【寄稿】
統合ケアに向けて,病院と地域をつなぐ北区地域包括ケアシステム構築における訪問看護師の役割
平原 優美(日本訪問看護財団立あすか山訪問看護ステーション統括所長)
東京都北区は人口34万人(2015年10月時点),東京都23区内で高齢化率が最も高く,25.5%と推計されている。65歳以上は現在 8万6898人,75 歳以上の単身世帯割合も53.0%と見込まれており,孤独死なども大きな課題となっている。この北区で私は25年間,訪問看護師として地域にかかわっている。
私の勤務する日本訪問看護財団立あすか山訪問看護ステーションは現在利用者が256人(介護保険利用者94人,医療保険利用者162人)と,小児から高齢者まで全ての疾患・障害を持つ対象者に訪問看護を提供している(2015年8月時点)。

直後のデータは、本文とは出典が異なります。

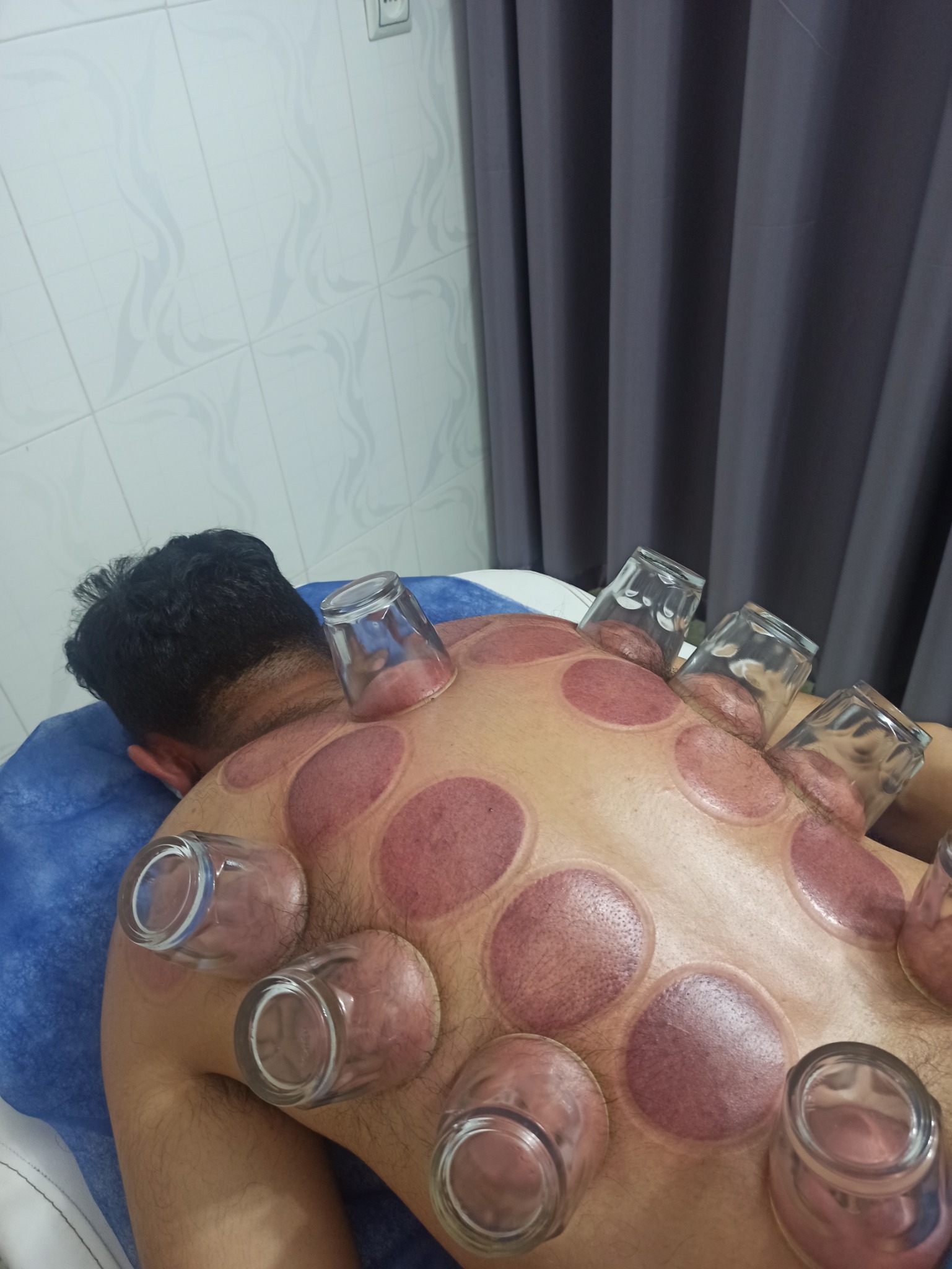 حجامت ماساژ درمانی و ریلکسی زالو درمانی عبدی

さまざまな地域のネットワークにも積極的にかかわっており,3年前から重症心身障害児者に関して顔の見える関係づくりに力を注いでいる。その実績をもとに昨年度は厚生労働省の「重症心身障害児者の地域生活モデル事業」の委託を受けた。
本稿では,北区のCommunity-based care(地域を基盤としたケア)の取り組みを対象別に整理し,訪問看護師としてどのようにかかわっているか説明する。

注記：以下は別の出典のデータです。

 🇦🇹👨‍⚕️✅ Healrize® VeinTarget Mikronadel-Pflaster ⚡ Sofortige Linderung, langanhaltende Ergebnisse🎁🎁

訪問看護師が地域で果たす役割――北区における4つの活動
1.高齢者の疾病・障害の予防 大きな疾患・障害を持っているわけではない高齢者の心身機能の低下を予防し,地域とのつながりを持てるようにする支援は,その地域の底力が反映される。北区には,「ふれあい交流サロン」や「おたっしゃ教室」など,引きこもりがちな高齢者がいつでも安心して交流できる場や,滝のある緑豊かな公園内に健康づくりのための簡単な運動や入浴などをして1日を楽しく過ごせる「老人いこいの家」がある。「高齢者ふれあい食事会」はこれまでに29会場で開催され,約700人が参加している。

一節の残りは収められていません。